[Start of Attachment]

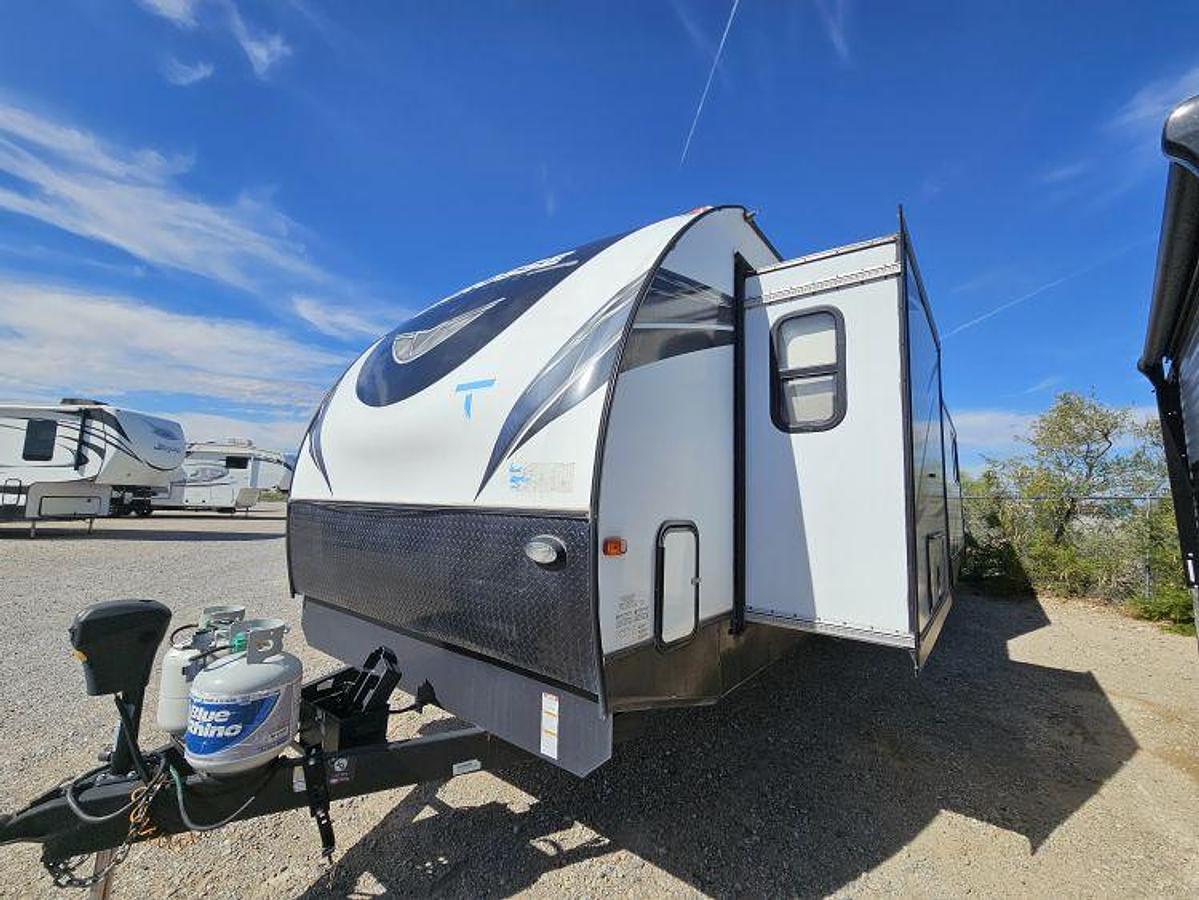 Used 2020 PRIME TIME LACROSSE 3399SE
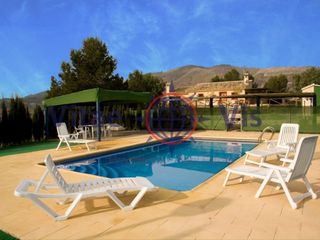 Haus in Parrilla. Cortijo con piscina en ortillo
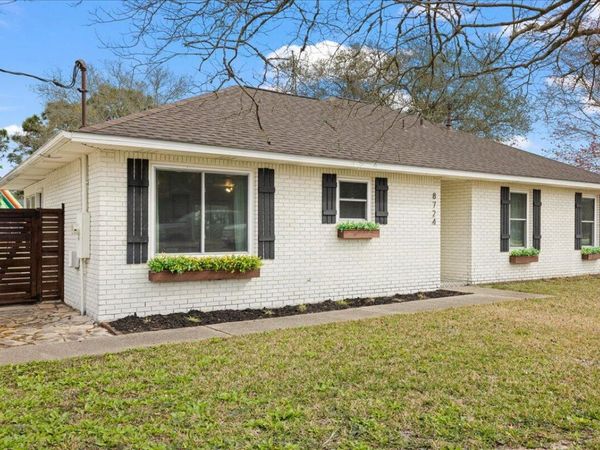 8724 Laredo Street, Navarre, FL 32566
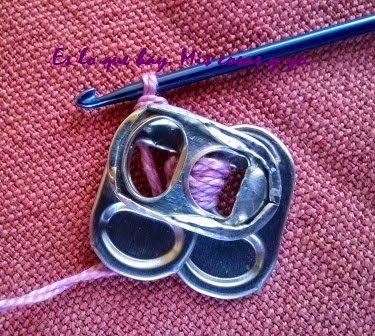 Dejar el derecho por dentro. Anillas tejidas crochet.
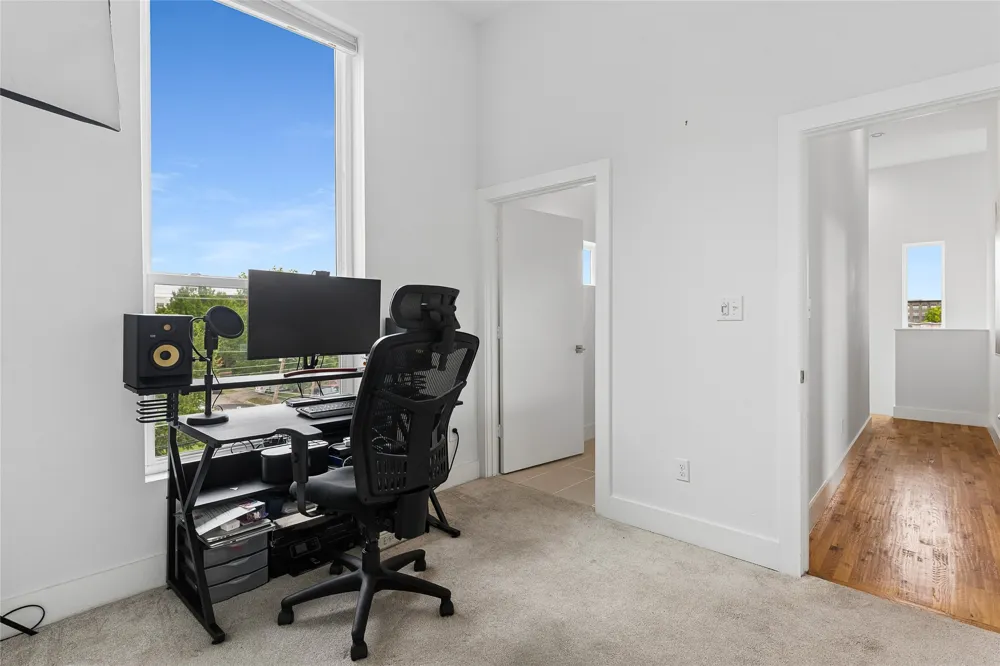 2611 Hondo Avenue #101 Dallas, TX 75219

[End of Attachment]
[Start of Attachment]

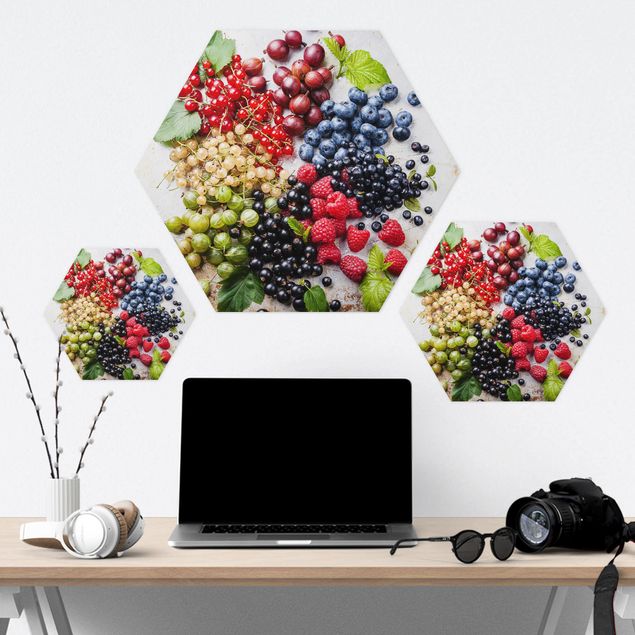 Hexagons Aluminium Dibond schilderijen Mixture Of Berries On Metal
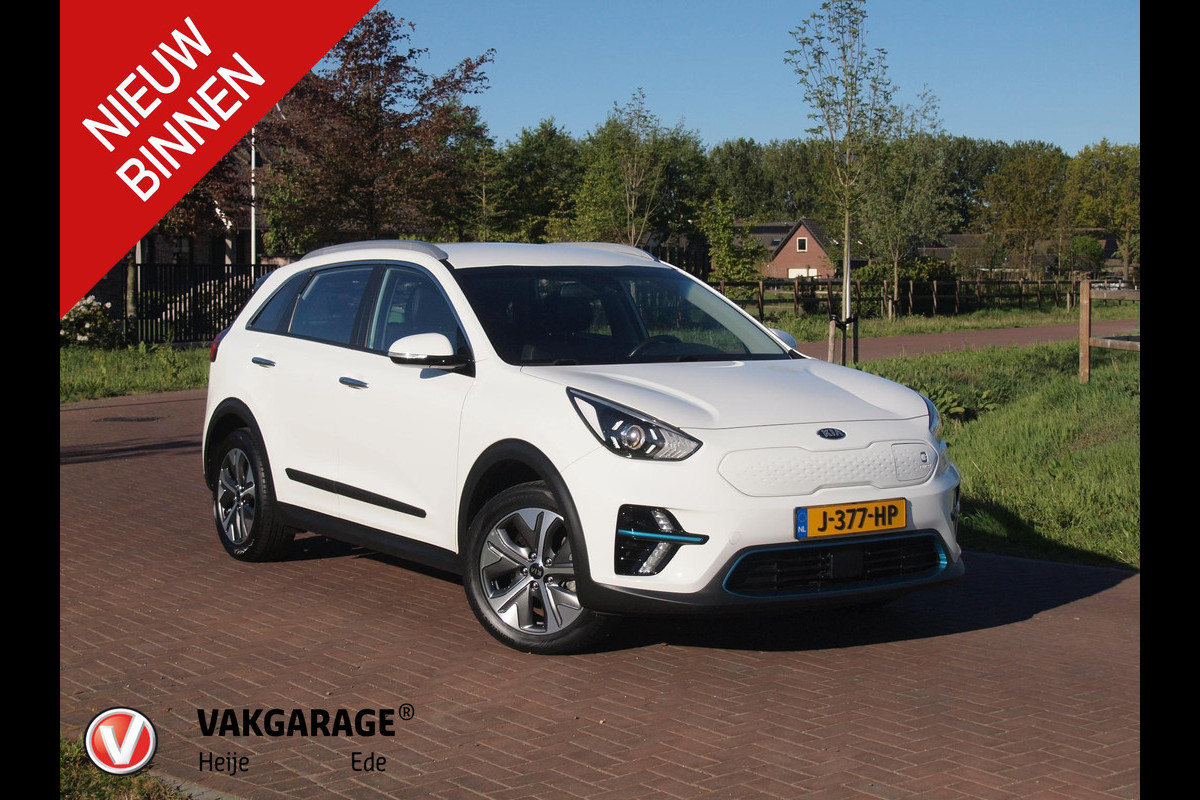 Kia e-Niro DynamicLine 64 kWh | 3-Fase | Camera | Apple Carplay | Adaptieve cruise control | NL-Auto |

[End of Attachment]

EXERCISE → Both the line containing "Dejar el derecho" and the line containing "2611 Hondo Avenue #101 Dallas, TX 75219" above belong in the output, as do the lines between them. Print them exactly, without pictures.

SOLUTION TO THE PROBLEM →
 Dejar el derecho por dentro. Anillas tejidas crochet.
 2611 Hondo Avenue #101 Dallas, TX 75219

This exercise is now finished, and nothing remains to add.